2. Graciella

TWO

GRACIELLA

MEN DESERVE FEWER RIGHTS AND SHOULD HAVE TO DO MANDATORY HARD LABOR.

“Here.” Ari dropped a pile of pale-pink cotton bedding. The fabric landed with a soft thud against the wood, the faint scent of detergent wafting up. Late-morning light spilled through the arched windows behind her, highlighting the caramel and coffee tones in her swinging ponytail.

“Clean towels are in the bathroom if you need them for your stay…”She arched a brow, pinning it up near her hairline, her silent question hanging between us: “Why are you staying here?”
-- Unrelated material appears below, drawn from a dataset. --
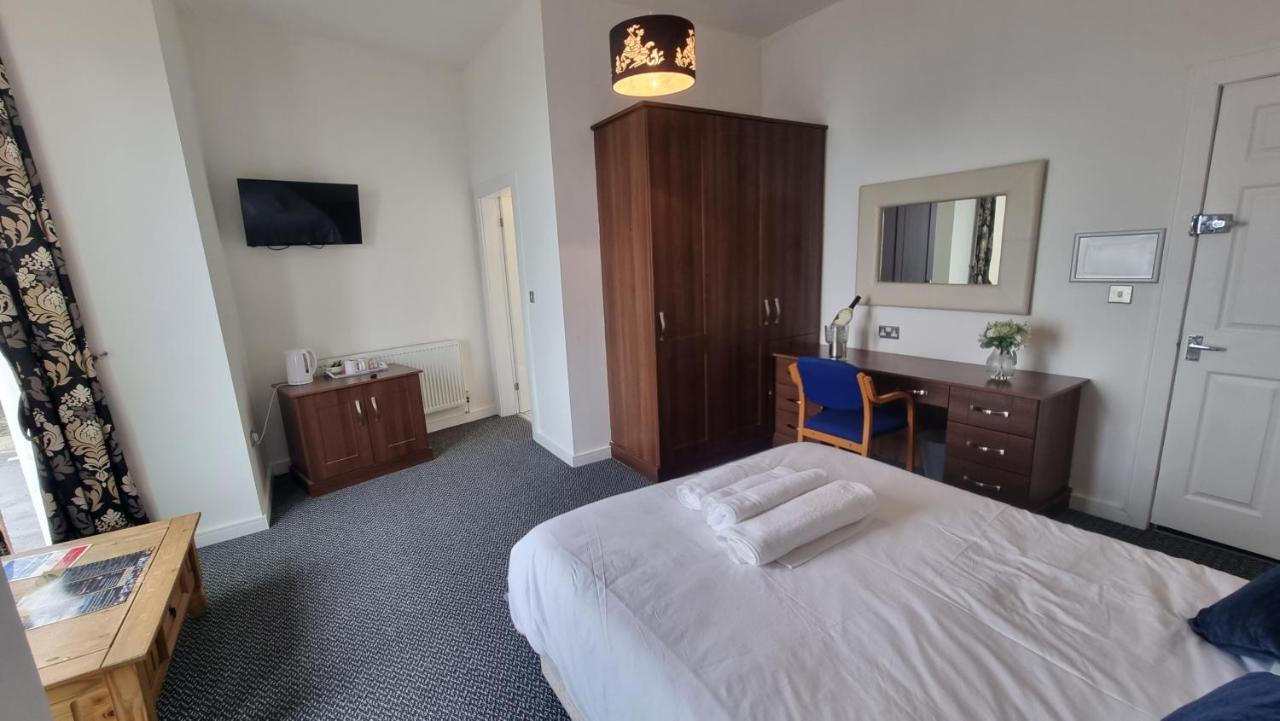 The Queen Vic Hotel Sunderland  Exteriör bild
Oh, how the roles had changed. Wasn’t long ago that she’d slept on my couch. But she’d been couch-surfing because she’d gotten a job, and now I was because I’d lost one.

Figures.

“Thanks.”

The word came out too high and squeaky. Too guilty.

I avoided eye contact, instead studying the cream-colored plastered walls, dotted with photographs in a kaleidoscope of colorful frames.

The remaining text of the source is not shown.